> [REQUIRED ACTION]:
How many lines of the data include the string "Multi"? State that number alone.

━━━━━━━━

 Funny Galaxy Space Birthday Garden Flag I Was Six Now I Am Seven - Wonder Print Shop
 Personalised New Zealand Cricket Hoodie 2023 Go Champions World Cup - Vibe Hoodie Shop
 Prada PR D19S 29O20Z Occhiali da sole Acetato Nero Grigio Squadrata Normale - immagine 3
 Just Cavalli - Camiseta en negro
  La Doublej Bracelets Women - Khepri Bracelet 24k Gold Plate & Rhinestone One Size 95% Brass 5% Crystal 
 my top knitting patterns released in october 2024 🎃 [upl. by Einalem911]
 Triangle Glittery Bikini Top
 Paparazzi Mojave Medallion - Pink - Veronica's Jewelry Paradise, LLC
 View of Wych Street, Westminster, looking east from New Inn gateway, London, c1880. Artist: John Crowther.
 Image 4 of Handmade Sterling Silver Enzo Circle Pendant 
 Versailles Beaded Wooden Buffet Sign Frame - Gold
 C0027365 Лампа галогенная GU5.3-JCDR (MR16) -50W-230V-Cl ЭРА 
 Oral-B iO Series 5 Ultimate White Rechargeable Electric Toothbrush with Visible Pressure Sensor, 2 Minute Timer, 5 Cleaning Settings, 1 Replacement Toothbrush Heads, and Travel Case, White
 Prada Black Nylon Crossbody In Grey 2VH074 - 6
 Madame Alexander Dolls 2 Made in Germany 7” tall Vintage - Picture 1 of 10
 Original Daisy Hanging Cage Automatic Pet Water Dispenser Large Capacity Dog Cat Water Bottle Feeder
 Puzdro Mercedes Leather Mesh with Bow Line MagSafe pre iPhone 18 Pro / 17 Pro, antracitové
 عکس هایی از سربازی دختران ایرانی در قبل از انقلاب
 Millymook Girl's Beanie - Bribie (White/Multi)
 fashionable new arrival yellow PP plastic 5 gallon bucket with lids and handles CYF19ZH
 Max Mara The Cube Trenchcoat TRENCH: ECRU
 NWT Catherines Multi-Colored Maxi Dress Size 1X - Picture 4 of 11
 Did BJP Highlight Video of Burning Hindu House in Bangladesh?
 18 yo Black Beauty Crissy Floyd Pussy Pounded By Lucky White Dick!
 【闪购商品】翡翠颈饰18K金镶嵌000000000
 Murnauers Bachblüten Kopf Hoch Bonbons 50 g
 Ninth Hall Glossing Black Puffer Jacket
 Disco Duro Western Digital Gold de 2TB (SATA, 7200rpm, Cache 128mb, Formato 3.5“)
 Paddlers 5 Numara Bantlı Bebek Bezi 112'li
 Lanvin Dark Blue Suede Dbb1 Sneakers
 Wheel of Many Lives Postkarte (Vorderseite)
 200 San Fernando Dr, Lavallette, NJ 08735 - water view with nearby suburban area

━━━━━━━━

> [REPLY]:
2